Source data
_ _ _ _ _ _ _

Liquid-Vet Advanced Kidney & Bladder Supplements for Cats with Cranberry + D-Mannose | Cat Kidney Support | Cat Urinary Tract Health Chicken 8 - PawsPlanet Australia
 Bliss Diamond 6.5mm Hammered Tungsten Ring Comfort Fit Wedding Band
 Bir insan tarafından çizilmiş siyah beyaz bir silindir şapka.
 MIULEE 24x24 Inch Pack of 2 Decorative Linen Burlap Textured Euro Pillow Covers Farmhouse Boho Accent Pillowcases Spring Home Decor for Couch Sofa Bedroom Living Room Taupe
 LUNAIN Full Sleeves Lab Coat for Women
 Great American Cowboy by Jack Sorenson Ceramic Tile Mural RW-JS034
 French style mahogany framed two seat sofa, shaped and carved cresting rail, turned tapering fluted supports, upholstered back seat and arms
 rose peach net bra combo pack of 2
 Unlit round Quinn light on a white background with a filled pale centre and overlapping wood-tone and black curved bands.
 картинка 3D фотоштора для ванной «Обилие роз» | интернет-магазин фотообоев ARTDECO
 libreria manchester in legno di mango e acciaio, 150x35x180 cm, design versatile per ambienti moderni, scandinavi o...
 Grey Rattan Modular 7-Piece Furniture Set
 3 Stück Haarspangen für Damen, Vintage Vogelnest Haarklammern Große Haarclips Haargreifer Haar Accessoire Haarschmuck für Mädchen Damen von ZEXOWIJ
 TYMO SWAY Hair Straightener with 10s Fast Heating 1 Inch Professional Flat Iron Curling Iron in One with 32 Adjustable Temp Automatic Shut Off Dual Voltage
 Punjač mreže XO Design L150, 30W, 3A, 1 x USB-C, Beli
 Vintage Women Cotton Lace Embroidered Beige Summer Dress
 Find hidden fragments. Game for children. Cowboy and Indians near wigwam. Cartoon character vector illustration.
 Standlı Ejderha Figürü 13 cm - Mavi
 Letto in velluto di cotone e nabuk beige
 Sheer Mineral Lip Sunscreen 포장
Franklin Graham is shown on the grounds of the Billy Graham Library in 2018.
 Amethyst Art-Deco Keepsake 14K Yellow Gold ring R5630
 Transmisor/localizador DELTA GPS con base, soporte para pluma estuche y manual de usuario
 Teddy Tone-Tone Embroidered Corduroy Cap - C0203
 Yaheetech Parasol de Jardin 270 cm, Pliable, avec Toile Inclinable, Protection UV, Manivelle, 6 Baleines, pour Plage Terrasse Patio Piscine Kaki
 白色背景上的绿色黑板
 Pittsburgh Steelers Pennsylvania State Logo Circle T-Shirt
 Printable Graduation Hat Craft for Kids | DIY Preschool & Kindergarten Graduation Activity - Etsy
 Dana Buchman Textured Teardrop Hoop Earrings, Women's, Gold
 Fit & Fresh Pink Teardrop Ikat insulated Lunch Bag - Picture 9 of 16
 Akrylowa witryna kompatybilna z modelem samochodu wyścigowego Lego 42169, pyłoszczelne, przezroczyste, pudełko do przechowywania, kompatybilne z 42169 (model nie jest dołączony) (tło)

_ _ _ _ _ _ _

**Task goal**
Would you copy the data exactly as shown above?

**Response box**
Liquid-Vet Advanced Kidney & Bladder Supplements for Cats with Cranberry + D-Mannose | Cat Kidney Support | Cat Urinary Tract Health Chicken 8 - PawsPlanet Australia
 Bliss Diamond 6.5mm Hammered Tungsten Ring Comfort Fit Wedding Band
 Bir insan tarafından çizilmiş siyah beyaz bir silindir şapka.
 MIULEE 24x24 Inch Pack of 2 Decorative Linen Burlap Textured Euro Pillow Covers Farmhouse Boho Accent Pillowcases Spring Home Decor for Couch Sofa Bedroom Living Room Taupe
 LUNAIN Full Sleeves Lab Coat for Women
 Great American Cowboy by Jack Sorenson Ceramic Tile Mural RW-JS034
 French style mahogany framed two seat sofa, shaped and carved cresting rail, turned tapering fluted supports, upholstered back seat and arms
 rose peach net bra combo pack of 2
 Unlit round Quinn light on a white background with a filled pale centre and overlapping wood-tone and black curved bands.
 картинка 3D фотоштора для ванной «Обилие роз» | интернет-магазин фотообоев ARTDECO
 libreria manchester in legno di mango e acciaio, 150x35x180 cm, design versatile per ambienti moderni, scandinavi o...
 Grey Rattan Modular 7-Piece Furniture Set
 3 Stück Haarspangen für Damen, Vintage Vogelnest Haarklammern Große Haarclips Haargreifer Haar Accessoire Haarschmuck für Mädchen Damen von ZEXOWIJ
 TYMO SWAY Hair Straightener with 10s Fast Heating 1 Inch Professional Flat Iron Curling Iron in One with 32 Adjustable Temp Automatic Shut Off Dual Voltage
 Punjač mreže XO Design L150, 30W, 3A, 1 x USB-C, Beli
 Vintage Women Cotton Lace Embroidered Beige Summer Dress
 Find hidden fragments. Game for children. Cowboy and Indians near wigwam. Cartoon character vector illustration.
 Standlı Ejderha Figürü 13 cm - Mavi
 Letto in velluto di cotone e nabuk beige
 Sheer Mineral Lip Sunscreen 포장
Franklin Graham is shown on the grounds of the Billy Graham Library in 2018.
 Amethyst Art-Deco Keepsake 14K Yellow Gold ring R5630
 Transmisor/localizador DELTA GPS con base, soporte para pluma estuche y manual de usuario
 Teddy Tone-Tone Embroidered Corduroy Cap - C0203
 Yaheetech Parasol de Jardin 270 cm, Pliable, avec Toile Inclinable, Protection UV, Manivelle, 6 Baleines, pour Plage Terrasse Patio Piscine Kaki
 白色背景上的绿色黑板
 Pittsburgh Steelers Pennsylvania State Logo Circle T-Shirt
 Printable Graduation Hat Craft for Kids | DIY Preschool & Kindergarten Graduation Activity - Etsy
 Dana Buchman Textured Teardrop Hoop Earrings, Women's, Gold
 Fit & Fresh Pink Teardrop Ikat insulated Lunch Bag - Picture 9 of 16
 Akrylowa witryna kompatybilna z modelem samochodu wyścigowego Lego 42169, pyłoszczelne, przezroczyste, pudełko do przechowywania, kompatybilne z 42169 (model nie jest dołączony) (tło)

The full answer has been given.